Five Observations: Hornets 118, Lakers 104

Wednesday, November 7, 2007
By: Jim Eichenhofer,

Maybe you had to get up early Wednesday morning for work. Maybe you had an 8 a.m. class to attend. Either way, perhaps you couldn’t stay up late to watch Tuesday night’s Hornets game on the West Coast at Los Angeles, which tipped off at 9:40 p.m. Central time and wrapped up a few minutes before midnight.

Don’t worry, you didn’t miss much. You only missed seeing these developments during New Orleans’ 14-point win over the Lakers:

  • Peja Stojakovic connecting on a franchise-record 10 three-pointers – that’s right, 10 trifectas – en route to an incredible 36-point outing. He drained seven treys in the second half alone and five during his 17-point third-quarter scoring barrage. By the way, the single-game NBA record for three-pointers is 12.

  • Chris Paul setting a second Hornets franchise record by dishing out 21 assists, with many of them coming on pinpoint passes to Stojakovic on the perimeter.

  • The Hornets putting on an impressive display in a building where they’ve had little success over the years, and improving to 4-0 on the young season. New Orleans matched its franchise-best 4-0 start from 2006-07. It has the best record in the league at the moment; though a few other teams are also undefeated, none of them have four wins yet.

Here are five observations from Wednesday’s entertaining victory:

1) Peja bounces back in a big way.
Stojakovic – or “Stoy-arc-a-swish,” as he was nicknamed in a Cox Sports Television broadcast graphic Tuesday – went just 1-for-10 from the field at Denver on Sunday. Forty-eight hours later, he responded with one of the best games of his 10-year NBA career (his career-high in scoring is 42, set last season vs. Charlotte). He was so hot during the third quarter, it was hard to believe the Lakers continued to leave him open, but the Los Angeles defense got caught in a few transition situations where it had to pick up a driving Paul, leaving Stojakovic free. The Serbian capped his offensive eruption with a high-degree-of-difficulty, stepback trey, while eluding a Lakers defender. “The shooting exhibition he put on tonight… I was out here talking to the fans and saying, ‘Wow,’ ” Paul said after the game. “It’s great to play with a guy like (Stojakovic).” “We were moving the ball so well,” Stojakovic said.

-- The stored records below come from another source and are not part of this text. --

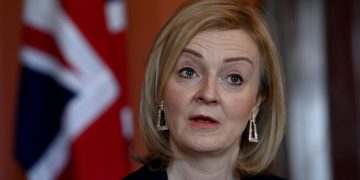 პუტინი შეეცდება, დააბრუნოს საათი უკან, 1990-იანი წლების შუა ხანებში… მოსკოვის შეჩერება აუცილებელია – ელიზაბეთ თრასი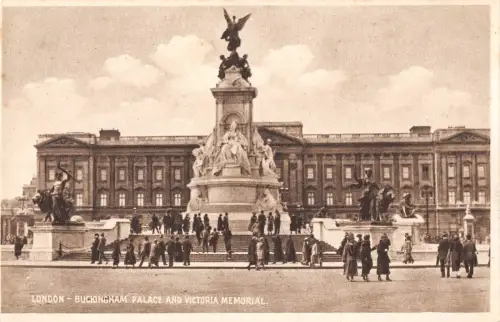 BR94364 London Buckingham Palace and Victoria Memorial UK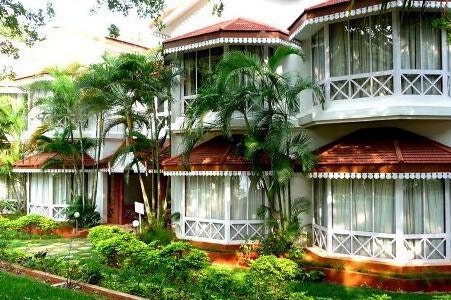Vista dell'esterno delle camere del The Gateway Hotel a Madurai in India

2) Surrounded by shooters, Chris Paul is licking his chops right now as he runs the offense.
Perhaps the best example of how well the Hornets shot Tuesday – they were 14-for-25 on treys – was this: David West buried both of his three-point attempts. West, who made eight three-pointers over the entire 2006-07 season, collected 22 points. When Paul receives an outlet pass and dribbles into the frontcourt, he often has several attractive options, including Stojakovic, the red-hot Rasual Butler and proven veteran shooter Morris Peterson. “(Stojakovic), Tyson (Chandler), David West, Rasual – those guys were making shots,” Paul explained of his 21-assist performance, which surpassed his previous best by three dimes.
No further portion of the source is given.